La « Communauté matthéenne » désigne ici le milieu ou l’écosystème qui semble avoir rédigé, en partie ou en totalité, l’évangile selon Matthieu. L’analyse du texte et sa comparaison avec les deux autres évangiles dits « synoptiques » (Marc et Luc), révèle un fait massif, qui fait consensus dans la critique : sa connaissance, voire son imprégnation profonde dans le judaïsme palestinien du 1er siècle. Mt semble donc avoir été écrit par, et peut-être, pour des groupes judéo-chrétiens, soucieux de concilier l’impératif missionnaire et la continuité entre le Christianisme et le Judaïsme, en particulier en soulignant l’importance de l’Ancien Testament ou la valeur salvifique de la vie éthique, inspirée de la Loi.

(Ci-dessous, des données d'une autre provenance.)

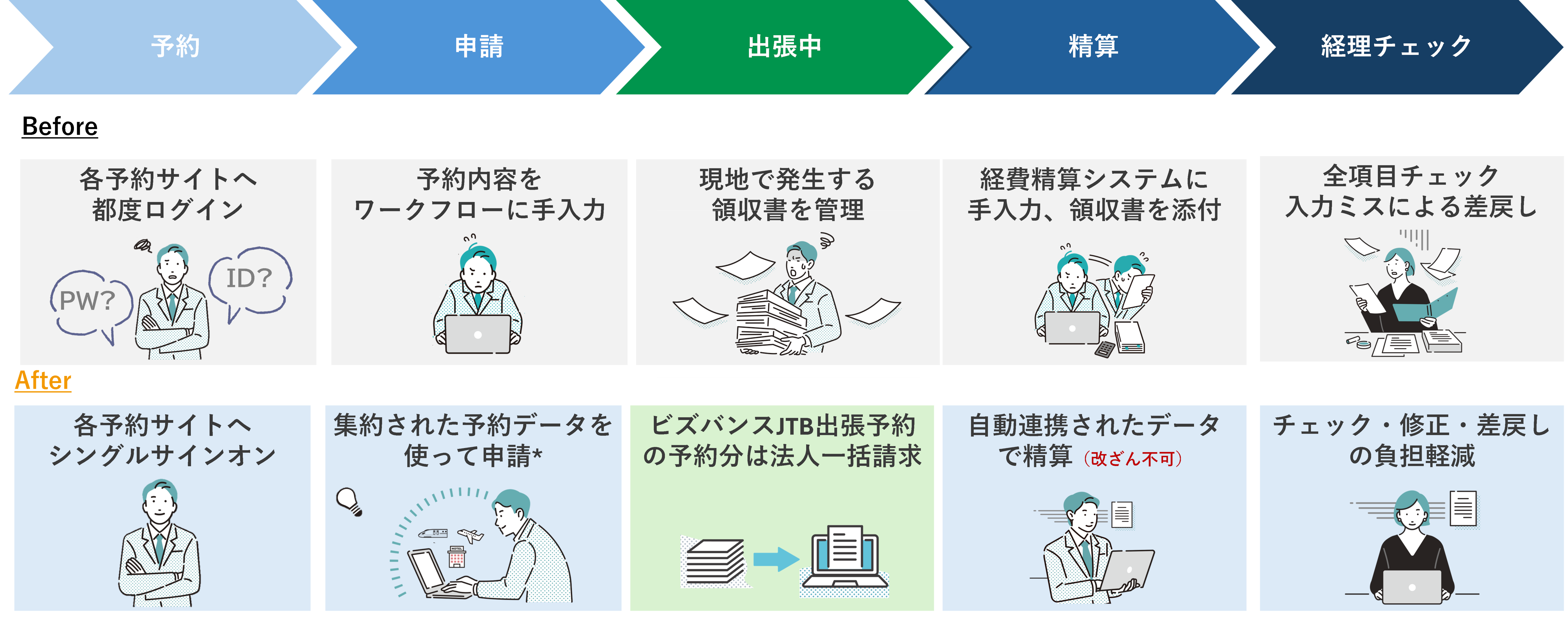 出張精算の効率化とガバナンス強化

La « Communauté matthéenne » apparaît en filigrane du texte évangélique. La thèse retenue par la critique actuelle l’identifie à un ou plusieurs groupes de juifs palestiniens, convertis au Christ, et à l’oeuvre avant la fin du 1er siècle.
1. huit éléments de preuve :
Cette thèse s’appuie sur 8 éléments principaux:
♦ De très nombreuses références à l’Ancien Testament, souvent appelé « la Loi et les Prophètes »1. On peut recenser 130 références implicites, 43 explicites et scrupuleuses, certaines propres à Mt2. Le plus souvent, ces citations sont tirées du texte grec de la Septante3, plus rarement à partir de l’Hb. La méthode d’intégration du texte biblique dans l’évangile reprend ou suit des techniques exégétiques juives bien connues4, que ce soient les interprétations (pesharim) apocalyptiques qumrâniennes (où l’événement Jésus-Christ se substitue désormais à l’Écriture elle-même), certains principes rabbiniques5 ou encore le mouvement général de l’homilétique synagogale6. Ces nombreuses citations servent à accueillir un cadre éthique, en quelque sorte préexistant. Elles autorisent surtout une interprétation spirituelle des événements relatés. Par exemple, l’identification messianique de Jésus est d’abord pensée sous la forme spécifique d’un « accomplissement » des Écritures7 ou comme conformité avec les Écritures8. Les « Écritures » désignent alors principalement les promesses prophétiques9, (re)définies comme dessein de Dieu. Ce point fut déterminant pour garantir, contre MARCION, la nécessité de la présence de l’Ancien Testament dans le Canon chrétien des Écritures. Cependant, cet « accomplissement » ne doit pas âtre seulement compris comme l’exacte actualisation d’une potentialité, mais aussi comme un dépassement et un renouvellement, i.e. une surprise et un excès. Le texte matthéen articule donc avec complexité rupture et continuité, tout en donnant au thème de l’accomplissement une forte dimension pratique (une action), vitale et biographique10.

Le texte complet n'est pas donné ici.